Density functional theory of transition metal oxide (FeO, CuO and MnO) adsorbed on TiO2 surface

Titanium dioxide (TiO2) is widely used as a catalyst due to its high redox activity. To explore the metal oxide-TiO2 supported interactions and their effects, the electronic structure, adsorption energies and physical properties of different metal oxides (FeO, CuO and MnO) adsorbed anatase TiO2 (101) surface have been studied by means of density functional theory (DFT) calculations, compared with that on pure TiO2 surface.
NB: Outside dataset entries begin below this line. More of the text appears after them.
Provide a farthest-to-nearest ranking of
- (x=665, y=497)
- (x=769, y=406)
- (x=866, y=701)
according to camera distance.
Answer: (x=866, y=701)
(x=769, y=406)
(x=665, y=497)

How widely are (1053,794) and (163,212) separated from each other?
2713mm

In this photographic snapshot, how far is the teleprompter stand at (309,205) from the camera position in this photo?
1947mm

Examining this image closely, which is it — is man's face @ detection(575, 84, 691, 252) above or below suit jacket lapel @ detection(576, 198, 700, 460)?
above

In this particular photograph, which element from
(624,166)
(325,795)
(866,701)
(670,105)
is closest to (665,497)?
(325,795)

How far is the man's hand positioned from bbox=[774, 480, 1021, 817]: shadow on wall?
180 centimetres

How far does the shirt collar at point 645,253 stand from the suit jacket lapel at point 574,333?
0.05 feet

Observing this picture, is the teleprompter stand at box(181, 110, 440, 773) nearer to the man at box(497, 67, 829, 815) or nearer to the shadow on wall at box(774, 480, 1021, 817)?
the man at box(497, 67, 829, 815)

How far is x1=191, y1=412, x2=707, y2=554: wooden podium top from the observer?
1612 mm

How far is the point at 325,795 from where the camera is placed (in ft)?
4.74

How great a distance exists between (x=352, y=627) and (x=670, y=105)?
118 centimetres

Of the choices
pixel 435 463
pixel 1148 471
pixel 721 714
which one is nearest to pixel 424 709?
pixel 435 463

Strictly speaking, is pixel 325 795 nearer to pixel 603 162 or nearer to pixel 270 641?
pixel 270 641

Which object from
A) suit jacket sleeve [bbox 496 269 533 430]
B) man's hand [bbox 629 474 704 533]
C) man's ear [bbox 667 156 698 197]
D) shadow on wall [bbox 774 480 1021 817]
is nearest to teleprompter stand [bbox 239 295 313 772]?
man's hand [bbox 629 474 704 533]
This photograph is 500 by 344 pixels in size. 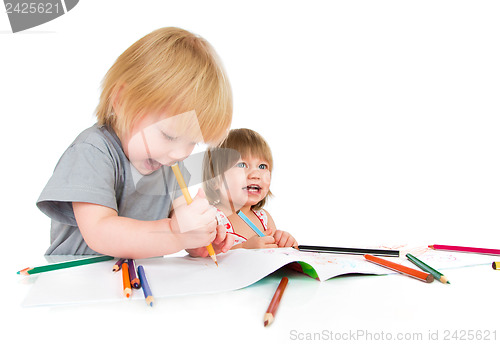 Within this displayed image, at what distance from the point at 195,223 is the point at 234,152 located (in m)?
0.58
On the basis of the study, three different kinds of adsorption ratio among the metal oxides mentioned above (single metal oxide adsorption model, different metal oxide adsorption models with 2:2 ratio and 1:3 ratio), as a whole, 12 models were investigated to study the influence of different proportion of metal oxide adsorbed in the TiO2 carrier in order to find the best metal oxide adsorption ratio. The calculated results show that the different adsorption ratios of metal oxides have influences on the reactivity of catalysts. A small amount of CuO will increase the reactivity of the catalyst, but the overall catalytic effect of the catalyst containing CuO is not comparable to those only containing FeO or MnO. In terms of the structural stability of catalysts, the catalysts containing FeO are more stable than those only containing CuO and MnO, and the more FeO adsorption ratio, the more stable the catalyst structure will be. The results of binding energy and bandgap show that the structure of the 1:3 adsorption model is more stable than the other two models, and the mixed adsorption leads to the reduction of bandgap. The order of influence is 1:3 ratio adsorption model >2:2 ratio adsorption model > single metal oxide adsorption model.